No, I need to stay on plan!
I have to have it, I can't stand this!
I don't want to gain weight.
I NEED to eat it!

On and on, and unless I can somehow get my mind off the obsession and out of the battle. Usually nowadays I cut it short RIGHT away by getting away from the food source and/or the circumstances that are causing me to obsess (boredom, frustration, anxiety). I might do that by going and doing something else, taking a walk, getting into a different environment.

But the crazy thing is, I get all filled up with these stressful, obsessive, all-encompassing feelings as I am trying to "decide" whether to go off plan or not. And the very *second* I decide to go ahead and eat junk, I have relief. Immediately. I don't even need to eat the food to get it. That's why sometimes I *decide* to go off plan, race to the store in a frenzy, get to the donut counter and not even want the donut anymore. Or buy a bag of chips, open it, and not even want it. Or eat a bite or two and not want it. Of course, in the past I always ate it anyway. After all, I had *decided* to have a donut, and I was darn well going to have that donut even if I didn't care about it anymore by the time I'd bought it. Have you ever done that? You obsess and want and fight and whine and then when you finally say "okay" and go for the food you wanted, it suddenly doesn't really matter anymore. And often, I've felt this sense of shame and guilt (which, I must add, is misplaced) as I ate something I didn't even WANT anymore in great quantities. Very strange.

But I realized it is the *decision* to take path A or path B that is the relief. Once a choice is made, there is no more mental argument. Right? It's just that when I decide to eat off plan, I rarely change my mind about it or argue with myself about it anymore. But when I decide to stay ON plan, I let the little nag in my head keep arguing. That's the continued conflict.

I *can* learn to decide there is no option for certain foods. I've done it... there is never, ever an argument in my head about whether or not I should go to McDonald's, because that I something I just DO NOT DO anymore. Period, no room for any argument. I need to learn which foods or classes of foods are off limits for me. And yes, for *me*, I do need to have some things off the menu, including McDonalds. There is no room for that stuff in my life, period. I can make room for a slice of cake on my birthday, perhaps, but not a Big Mac, nope, not ever.

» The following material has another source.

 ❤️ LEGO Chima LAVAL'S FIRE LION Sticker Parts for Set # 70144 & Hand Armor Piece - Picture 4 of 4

It's quite a job to sort it all out, but every day I am learning more about what makes me tick. That's a success, to me.

23 comments:

Lisa said...

I hav found it's easy to say, but not easy to do. Hang in there. You rock Lyn. You have gotten so much farther than post people.

Colleen said...

"I dunno, it does seem like people who get to goal weight have a certain number of pounds they allow themselves to fluctuate and once they hit their limit they do something to get back down. Do any of you guys do that?"

Absolutely. My range is 158-162. Anywhere in there is ok, but if I'm hovering around the high end I watch what I eat until I get closer to 160. After more than one day of overeating sometimes I bloat up to 164 and then I take more drastic measures to get back in the "zone" (i.e. no dairy, fruit, or grains until the bloat is gone).

I went off the rails a bit for two weeks and my weight peaked at 167 this past Monday. That was a wakeup call that I might be putting on more than just water weight. Thankfully after merely two days of eating low carb I am back in "the zone" at 161.8. I am trying to get under 161 by tomorrow by doing another day low carb and drinking half my weight in oz of water.

For me in the past, regain was always 1-2 lbs. at a time, and a lot of it was the result of water weight hiding whether the gain was "real" or not. This is what motivates me to keep my range relatively small.

Anonymous said...

It is disappointing to go up, I hope you can lose again, or it will be up up up. Just 10 lbs from 200 again.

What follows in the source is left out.